Again you question yourself: did you really “improved”? Well, it might so happen that you run a little faster this time, and has nothing to do with the milk. You might also be wondering, how much increase in speed is considered as ‘improve’? You need a cut off point, again.


NULL AND ALTERNATIVE HYPOTHESIS

If you didn’t notice, you were actually making hypotheses, or a significance test. You were trying to test a hypothesis, to determine whether you can conclude something. You were testing whether the 95% students get A’s and the ‘improvement’ in running is true. The initial assumption is what we called as a null hypothesis, H0. It is very important as it provides the model for the calculations. The null hypothesis for the first case is “95% of the students get A’s for Maths T”. If your results show that indeed 95% of the students get A’s in Maths T, then your hypothesis is true. The case is this: you can’t reject his claim if you don’t have enough evidence to do so. If after your test, you have enough evidence to reject his claim, then you need an alternative hypothesis, H1. The alternative hypothesis for this case is “less than 95% of the students get A’s in Maths T”. This is a binomial problem, so in Mathematical terms, we have
H0: p = 0.95
H1: p < 0.95

Notice that you are only interested in whether the probability is less than 95% or not, so this means that we are interested in the left hand end of the distribution. This is known as the lower tail. In the second case, we are interested in the upper tail, as in whether you have improved or not. There are cases that you want to know whether there is change in the values, e.g. whether there is a change in supporters for Barisan Nasional, Pakatan Rakyat or etc. For this case, we use a two-tailed test.

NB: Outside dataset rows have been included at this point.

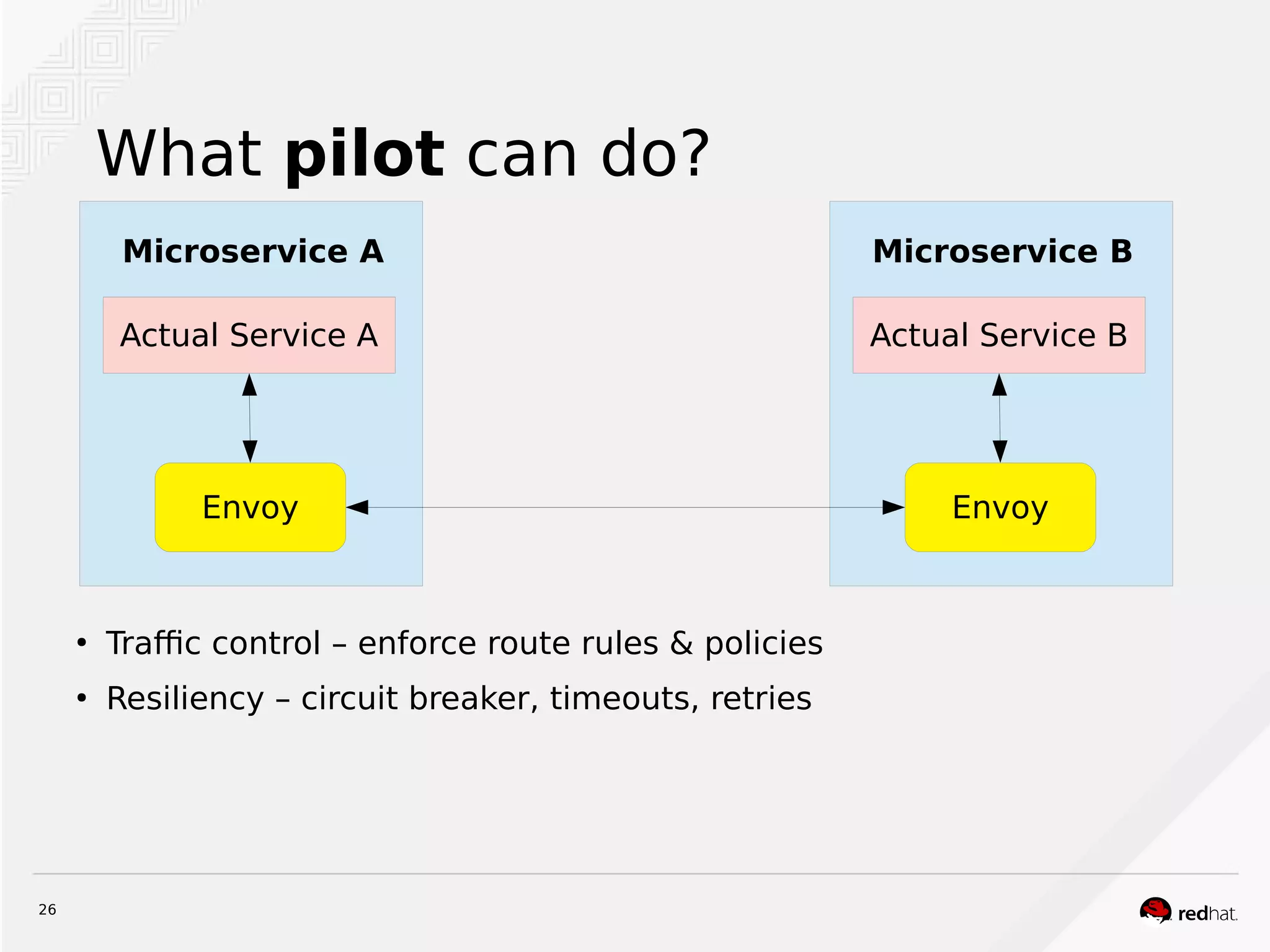 26
What pilot can do?
●
Traffic control – enforce route rules & policies
●
Resiliency – circuit breaker, timeouts, retries
Actual Service A
Microservice A
Envoy
Actual Service B
Microservice B
Envoy
 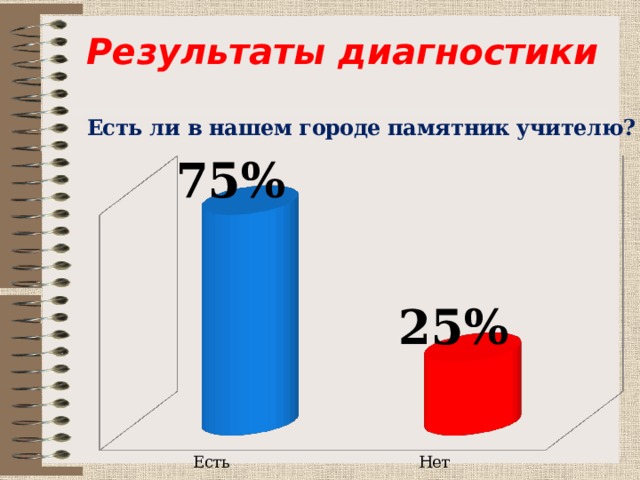 Результаты диагностики 
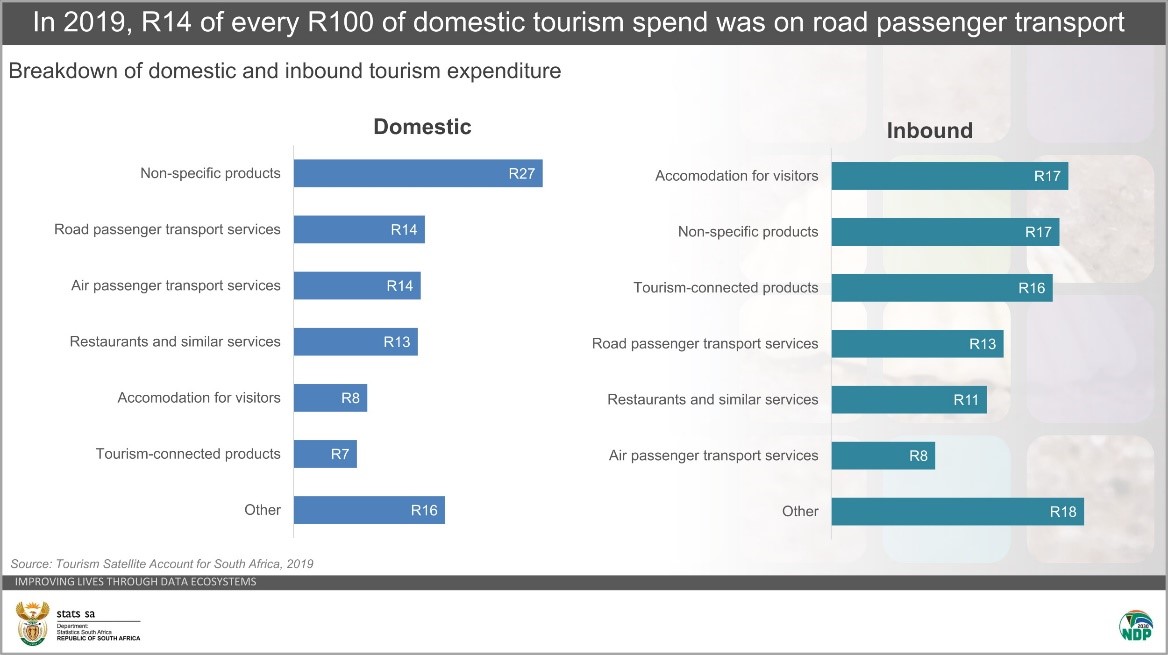 tourism products in south africa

TEST STATISTIC & TEST VALUE

So now you have a null and alternative hypothesis. The next thing you need is a test statistic. A test statistic is the variable X that you are looking for. In the first case, you are looking for the number of students who get A’s in Maths T, while in the second case, it is your running speed. A test value is found when you have conducted the experiment. The test value in the first case is 11, as you found out of 15 people, while in the second case, is 40.9km/h. You definitely want to know what you are experimenting on, don’t you?